Rachel Wall (born around 1760, died on October 8, 1789) is today remembered as the first American born woman who chose the profession of piracy, and a last woman who was executed by hanging in the state of Massachusetts. Although her life was full with crime, theft and piracy, she is today remembered as one of the few famous woman pirates in the western hemisphere.
Rachel Wall was born under the name of 'Rachel Schmidt in Carlisle, in the Province of Pennsylvania, to a family of devout Presbyterians. Ever since her young age she was unsatisfied with her life, and longed for the waterfront and sea. During one of her visits to the harbor at the age of 16, she became under attack from the group of local girls only to be saved by the man named George Wall. The pair quickly fell in love, and they married despite growing concern from her family.
After the pair moved to Boston, Rachel took the job of maid and George became sailor and a fisherman. Quickly Rachel and George became acquainted with several sailors and their lovers who shared their wish for the life on the sea. After few deliberation group decided to try life of piracy in early 1781. Their initial plan for robbing unsuspecting traders was very successful. They sailed to the sea, searching for the rough weather periods, and then disguised their ship as if it barely survived the passing storm. When unsuspecting ships came closer to inspect them they could only see ship in poor condition and Rachel who called them for help. After the ship docked they stormed it and robbed it. Another tactics involved boarding ship under a guise of passengers, and then surprising ship defenses during night. After the initial successful period where they managed to rob 12 ships (stealing more than $6.000 and various good and killing 24 sailors), their luck came to an end when George Wall made navigational error during one storm in 1782 which overturned ship and damaged it badly.

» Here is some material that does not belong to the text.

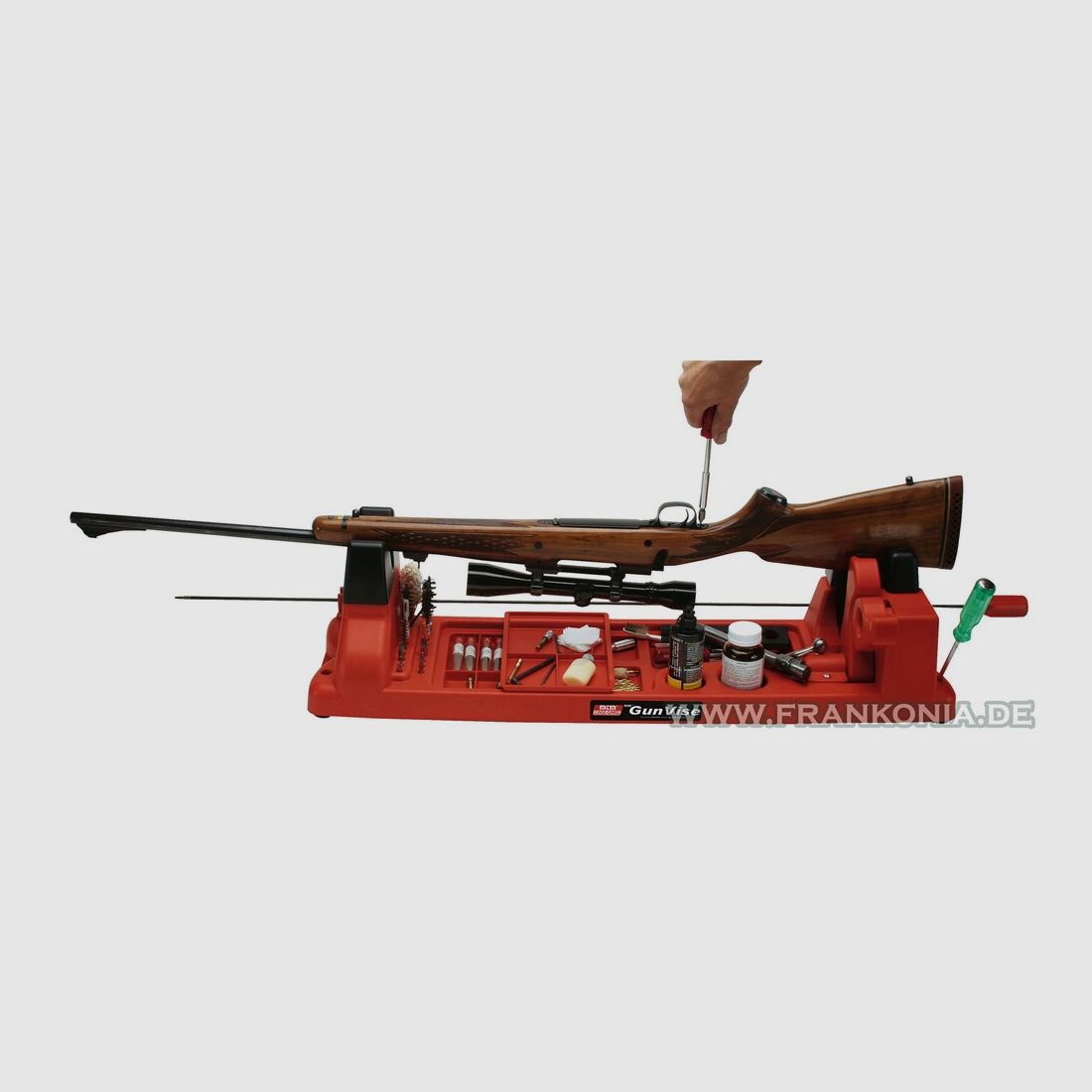 MTM Workbench Gun Vise, image 3 of 7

With no ship, the majority of the crew returned to the land. Rachel continued to work as a maid, from time to time returning to her life of crime and theft. Rachel's final criminal act for which she was captured for authorities included theft that led to the death of one sailor. During her trial in 1789, Rachel confessed about her times as a pirate, but she denied ever killing anyone. Judges were not kind to her, and she was executed by hanging October 8, 1789. According to the historians, her last words were "...into the hands of the Almighty God I committ my soul, relying on his mercy...and die an unworthy member of the Presbyterian Church, in the 29th year of my age ".